Lauren’s primary interest is to create objects of every day use that bring us beauty and joy.  Her inspiration is Japanese lacquer ware.  She uses the background oft he porcelain form to create the pattern which is fall leaves on this piece.

The piece is about 14-16 inches in diameter.




“Planetary Platter” by Gary Beaumont, Champaign, IL.


Gary was a communication specialist before he started working with clay.  He wants audiences to say “I’ve never seen anything like that”.  He hoped that his pieces provide a reason to stop and notice how different it feels, and to discover a sense of humanity.

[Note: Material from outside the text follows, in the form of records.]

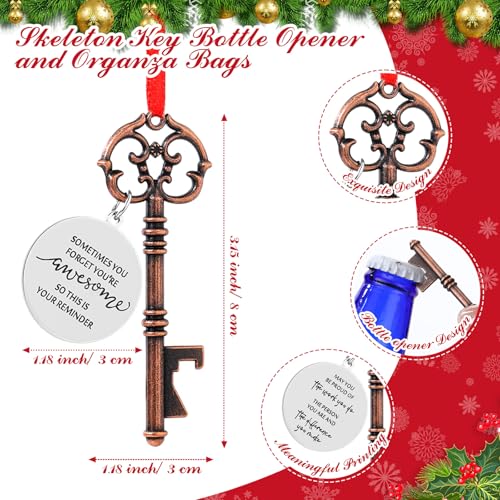 Landical 50 Sets Christmas Employee Gift Set with Bottle Openers & Thank You Cards, 4 Styles
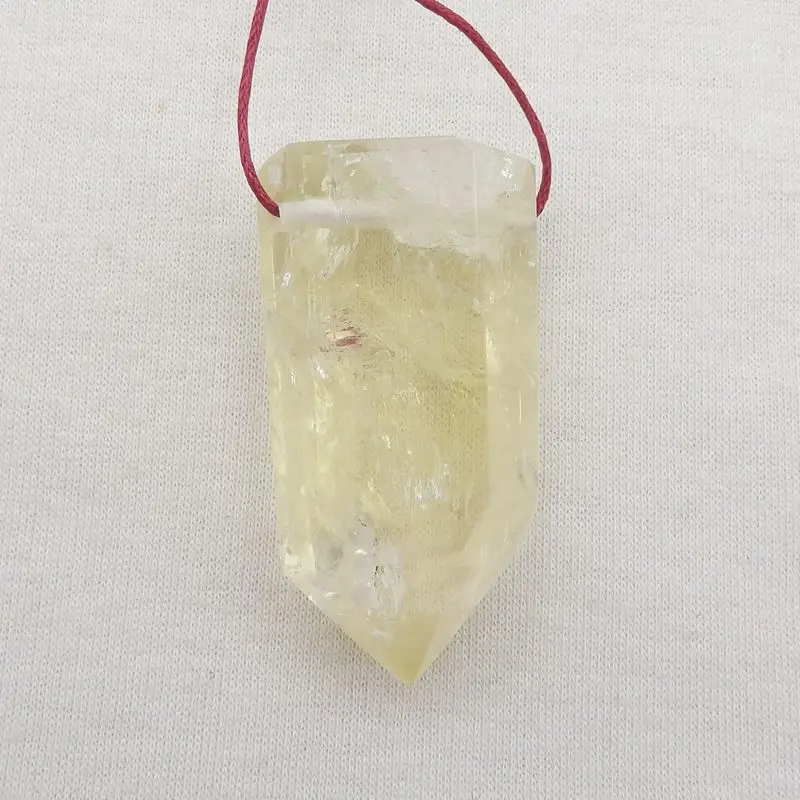 Natural Stone Yellow Quartz Pendant Bead 49x26x19mm 41g Semiprecious Fashion Jewelry Necklace Accessories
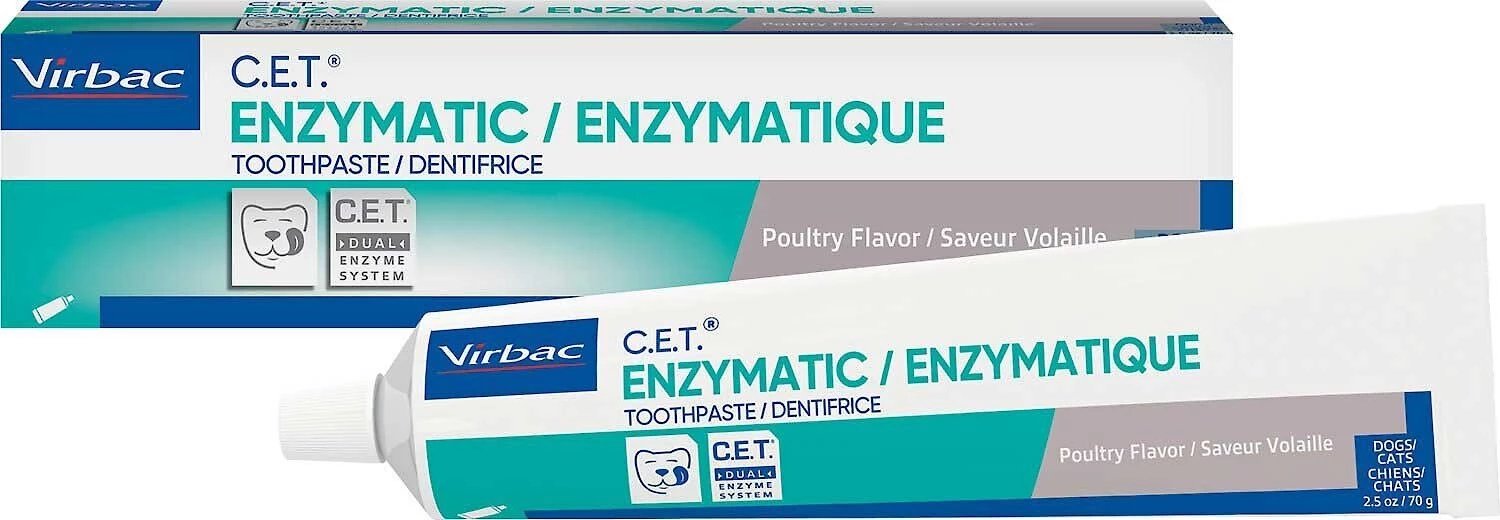 Virbac C.E.T. Enzymatic Dog & Cat Poultry Flavor Toothpaste, 70 gram & Virbac C.E.T. Pet Toothbrush, Color Varies 4 Virbac C.E.T. Enzymatic Dog & Cat Poultry Flavor Toothpaste, 70 gram & Virbac C.E.T. Pet Toothbrush, Color Varies - Image 2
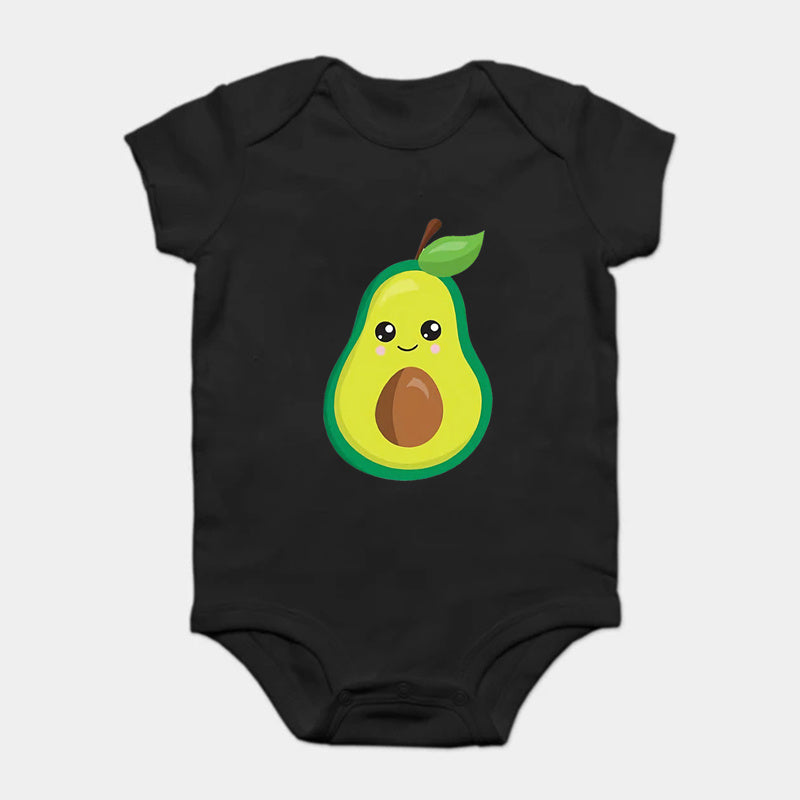 Black baby bodysuit with short sleeves and an avocado character with a brown pit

This piece is 19 inches in diameter.




Other pieces

“Schefflera Planter” by John Masello, Darien, IL.


John’s current work is about rejecting the binaries, such as hand-made vs mass-produced, masculine vs feminine, functioning vs non-functioning.  He states that he finds plenty of fertile ground in the middle ground between those extremes.  He believes that by making domestic objects that serve an obvious purpose opens the way for more conceptual and challenging principles to enter the observer personal space.

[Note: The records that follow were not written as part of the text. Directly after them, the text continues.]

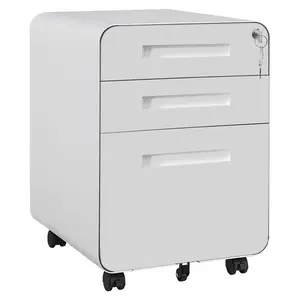 Metal Secure 3-Drawer Rolling Filing Cabinet with Lock - Durable Under Desk Storage Organizer, Fully Assembled, Fits A4/Letter/Legal, 15.75x18.11x22.83 in, 18.00x15.50x23.60 in, Approx. 41 lbs, for Home Office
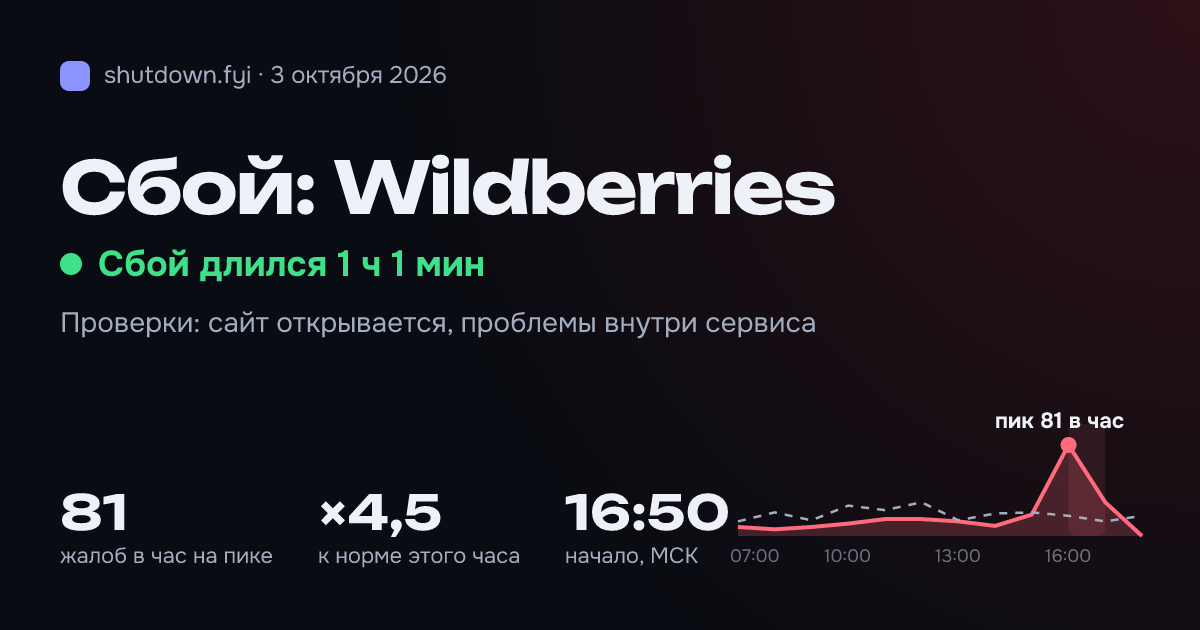 Wildberries: сбой 3 октября 2026, пик 81 жалоб в час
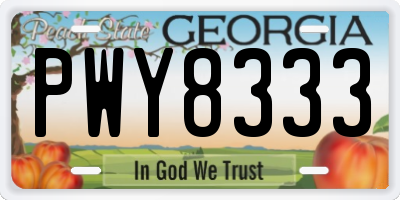 GA license plate PWY8333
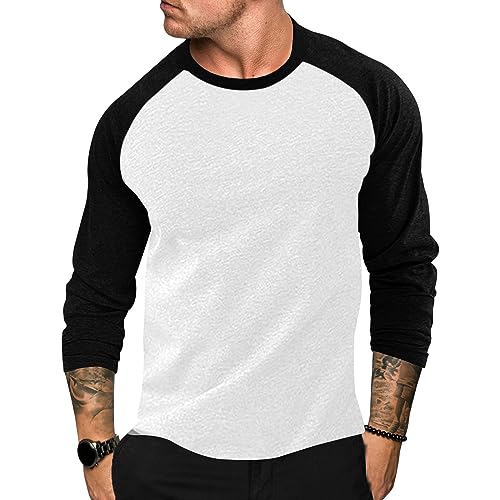 Ophestin Herren Langarm T Shirt Basic Baumwolle Henley Shirts Casual Mode Rundhals Shirts Tops für Männer Weiß L von Ophestin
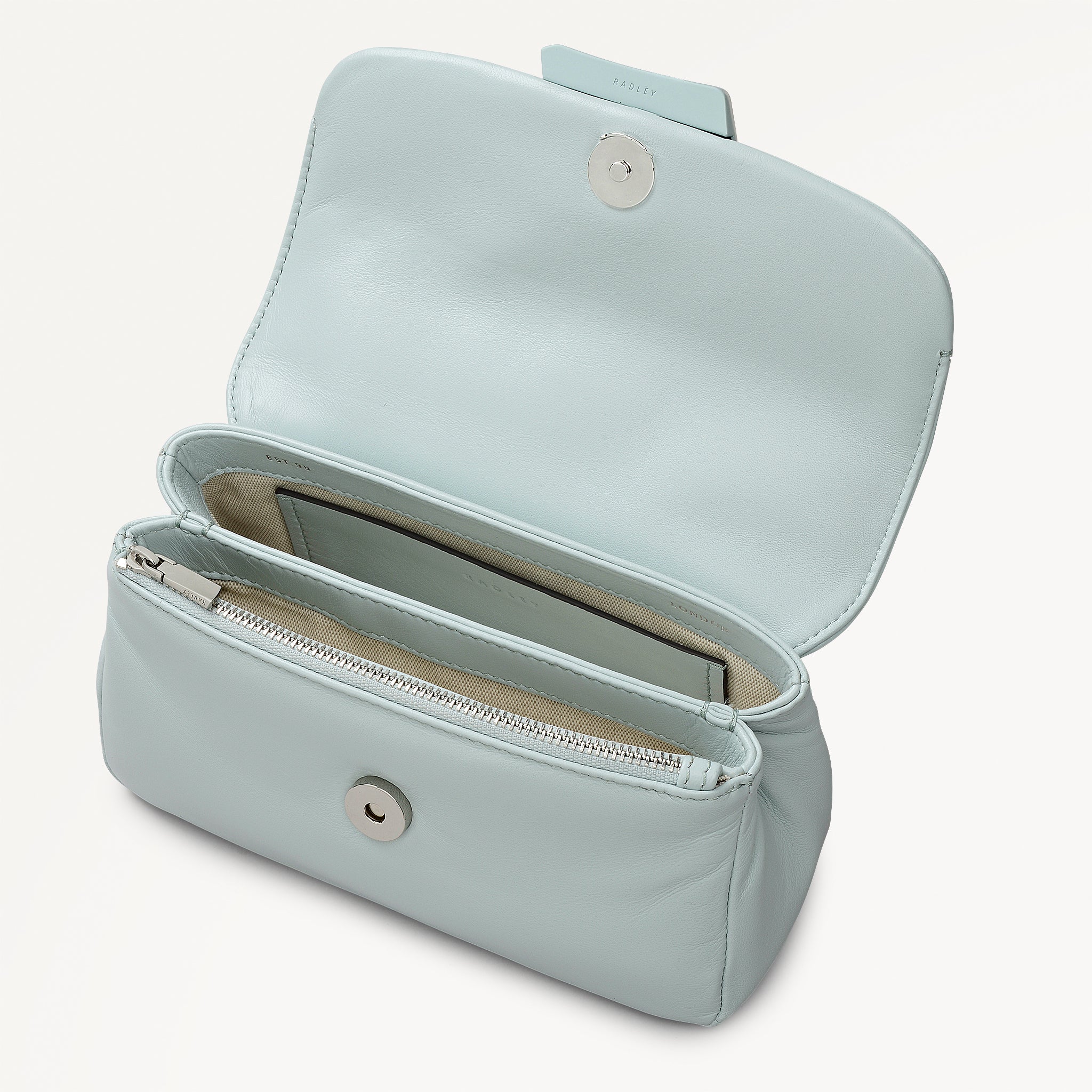 The Belsize - Puffy Small Flapover Shoulder Seafoam - 113828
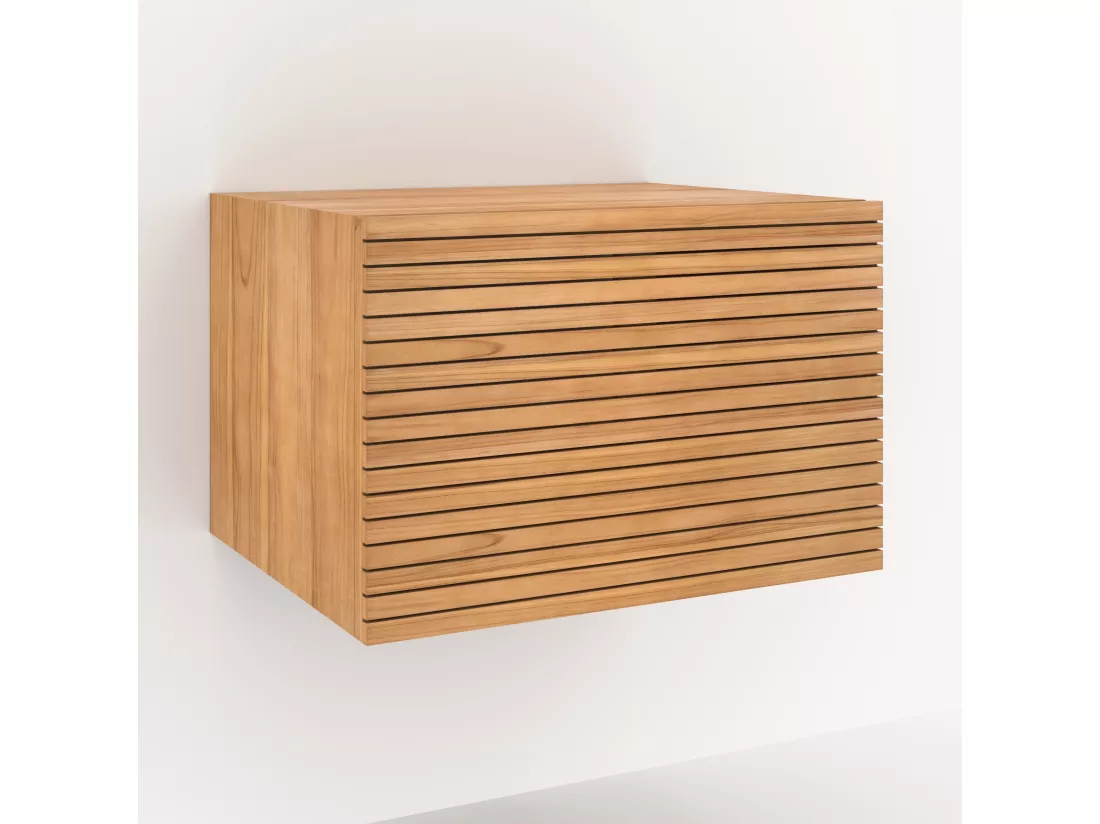 Meuble de salle de bain suspendu en bois de teck 60 cm - Raye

“Red Line Vase” by Christine Dokolasa, Galesburg, IL


Christine is a retired art teacher and illustrator who does pottery, painting and drawings.  On this vase she used white and brown stoneware.  She is drawn to create pieces that replicate nature’s textures, patterns, and forms.








“Desk Set Re-collection” by Lauren Sandler, Rock Hill, NY

With his “Re-collection” series Lauren is showing her interpretation of the transformation of still life  by invoking parallels in ceramics and every day representation. She believes that domestic objects collect familial and cultural memories.